▶ **Supplied data**
++++

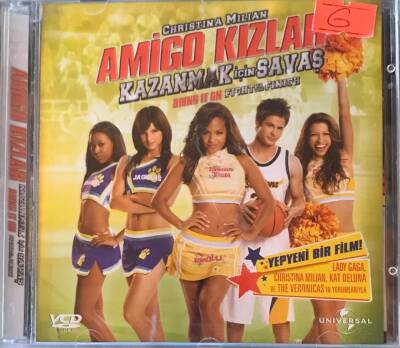 Amigo Kızlar VCD Film VCD11807 - 1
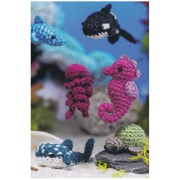 100 mini Amigurumis Apprenez à réaliser d'adorables peluches miniatures au crochet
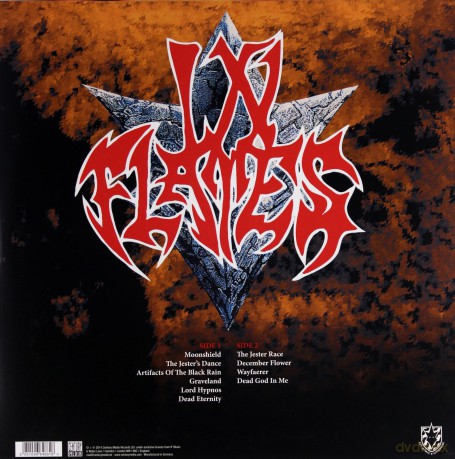 In Flames: The Jester Race [Winyl]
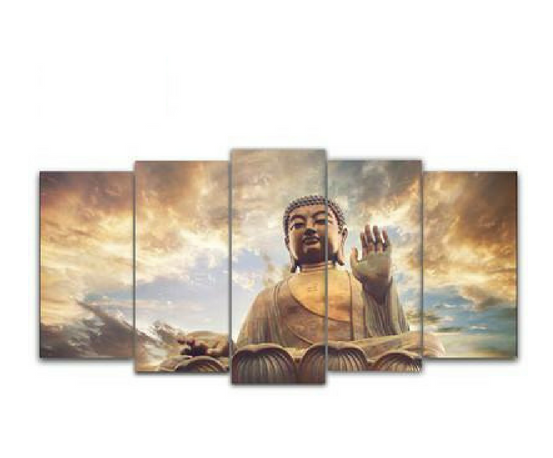 XXXL Diamond Painting «Buddha 5» – Bild 4 | LuxeStyle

++++

Return all material verbatim, pictures omitted.

 Amigo Kızlar VCD Film VCD11807 - 1
 100 mini Amigurumis Apprenez à réaliser d'adorables peluches miniatures au crochet
 In Flames: The Jester Race [Winyl]
 XXXL Diamond Painting «Buddha 5» – Bild 4 | LuxeStyle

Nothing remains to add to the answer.